Despite the large amount of time and comparatively unproductive thought given by Morris to his Socialism, the period of his greatest activity in this direction was not without result in the field of pure literature. The years from 1884 to 1890 were crowded with pamphlets, leaflets, newspaper articles, manifestoes, and treatises, all with the one object—the making of Socialists. Many of these were more or less works of art—but of art in fetters; in the main they bore sad witness to the havoc made in the æsthetic life of their author by his propagandising policy, and in their deadly dulness betrayed the unwillingness of his mind to labour in a field so foreign to it. Not even the overwhelming tasks imposed upon him sufficed, however, to subdue entirely his restless imagination. From time to time in the arid desert of his writings for “the cause” a poem of romance appeared of a quality to show that the sap still ran in the products of his mind. Between the first issue of The Commonweal and the inauguration of the Kelmscott Press he wrote in the following order: The Pilgrims of Hope, A Dream of John Ball, The House of the Wolfings, The Roots of the Mountains, and News from Nowhere.

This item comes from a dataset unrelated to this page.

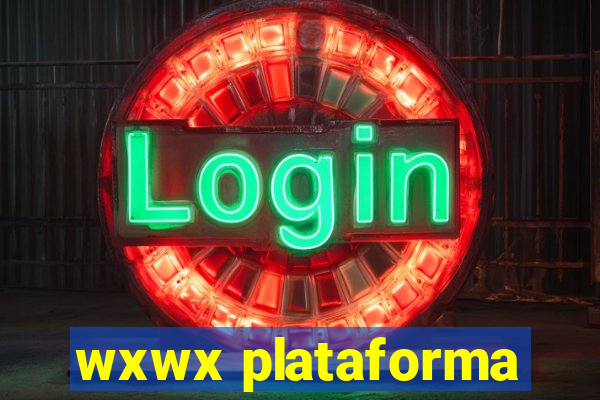 wxwx plataforma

Each is interesting as throwing a varied yet steady light upon his mental processes, and the first is especially interesting despite its conspicuous defects, as one of the very few examples of its author’s style when treating a subject belonging to the actual present, not to the past or future. In it the reader leaves dreamland and is confronted by modern problems and situations set forth in plain modern English. A garden is no longer a garth, a dwelling-place is no longer a stead, the writer no longer wots and meseems. So violent a change in vocabulary could hardly be accomplished with entire success; at all events it was not, and much of the phraseology is an affliction to the ear, showing a peculiarly deficient taste in the use of a style uninspired by mediæval tradition. Yet, withal, The Pilgrims of Hope is touched with life, as many of Morris’s more artful compositions are not. The old bottles will not always serve for the new wine, Lowell warns us, and there is a noticeably quickening element in this wine poured from the bottle of the day. It is mentioned in Mr. Mackail’s biography that Morris once began to write a modern novel, but left it unfinished. The fabric of The Pilgrims of Hope is that of a modern novel, and the characters and incidents are such as Morris might easily have found in his daily path. A country couple leading a life of peaceful simplicity go down to London, and among the sordid influences of the town become converts to Socialism. Much that follows may be considered a record of Morris’s personal experience. The husband in the poem tries, as Morris tried, to learn the grounds of the Socialist faith, and takes up, as he did, the burden of spreading it among an indifferent people. The following description might very well have been culled from the diary kept by Morris during a part of his period of militant Socialism, but it must be confessed that the balance of poetic charm is all in favour of the account in the diary.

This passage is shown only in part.